## Data records
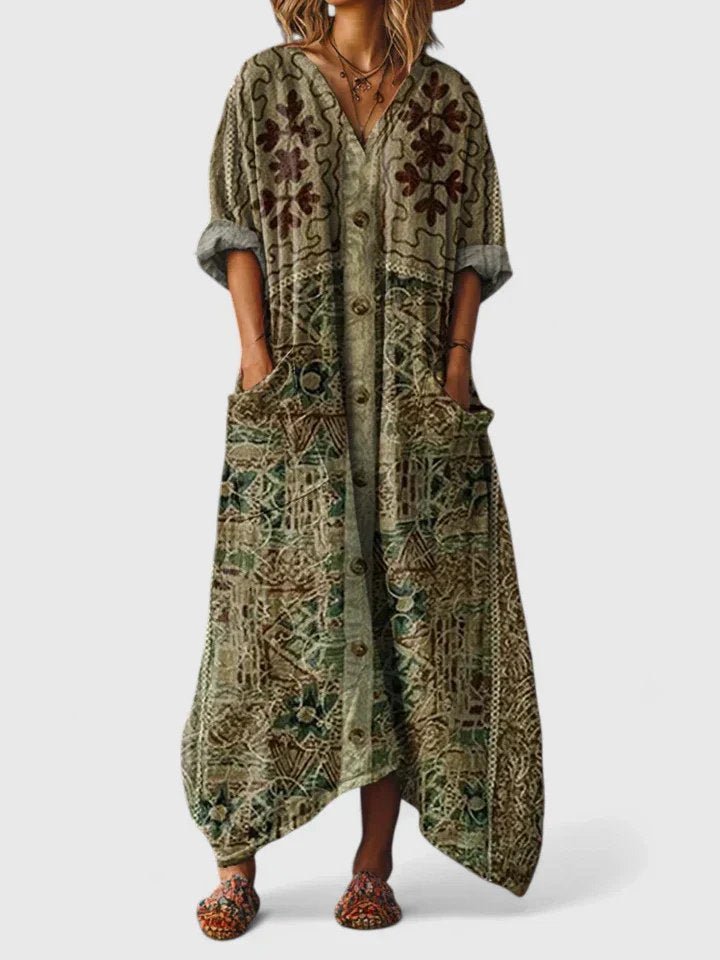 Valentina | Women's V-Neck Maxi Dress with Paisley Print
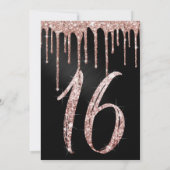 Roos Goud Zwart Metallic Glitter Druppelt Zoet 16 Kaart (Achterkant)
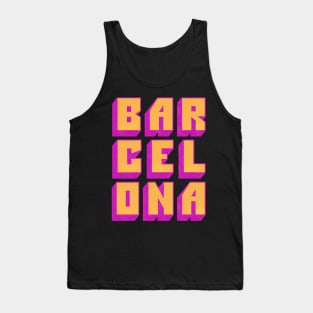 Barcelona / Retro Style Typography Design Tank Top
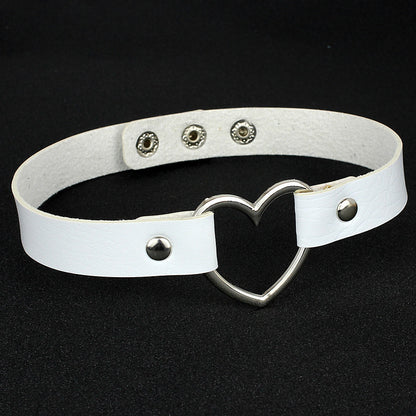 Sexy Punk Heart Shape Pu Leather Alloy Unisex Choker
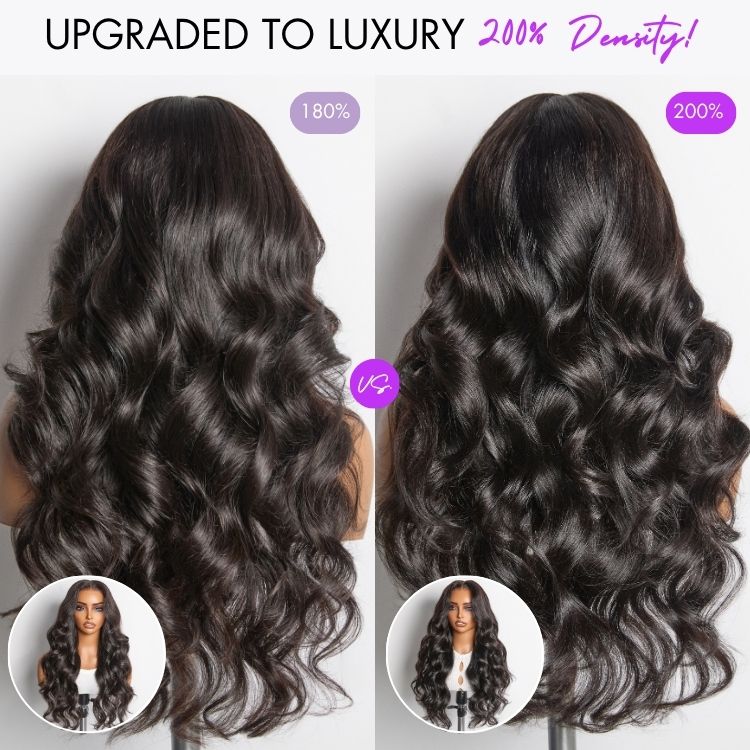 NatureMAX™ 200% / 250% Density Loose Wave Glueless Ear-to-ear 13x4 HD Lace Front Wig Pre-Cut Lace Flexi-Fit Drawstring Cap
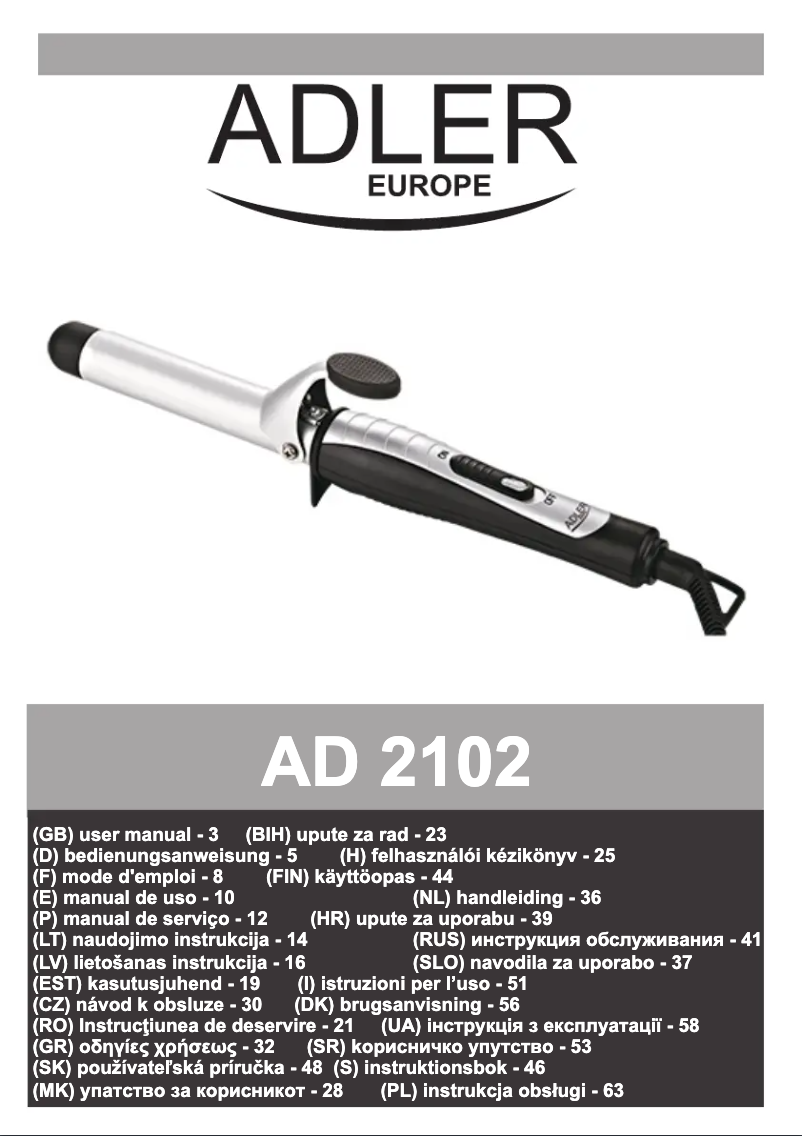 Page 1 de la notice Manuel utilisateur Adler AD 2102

## Work item
Return each line of the data, keeping its wording exact and omitting pictures.

## Task output
 Valentina | Women's V-Neck Maxi Dress with Paisley Print
 Roos Goud Zwart Metallic Glitter Druppelt Zoet 16 Kaart (Achterkant)
 Barcelona / Retro Style Typography Design Tank Top
 Sexy Punk Heart Shape Pu Leather Alloy Unisex Choker
 NatureMAX™ 200% / 250% Density Loose Wave Glueless Ear-to-ear 13x4 HD Lace Front Wig Pre-Cut Lace Flexi-Fit Drawstring Cap
 Page 1 de la notice Manuel utilisateur Adler AD 2102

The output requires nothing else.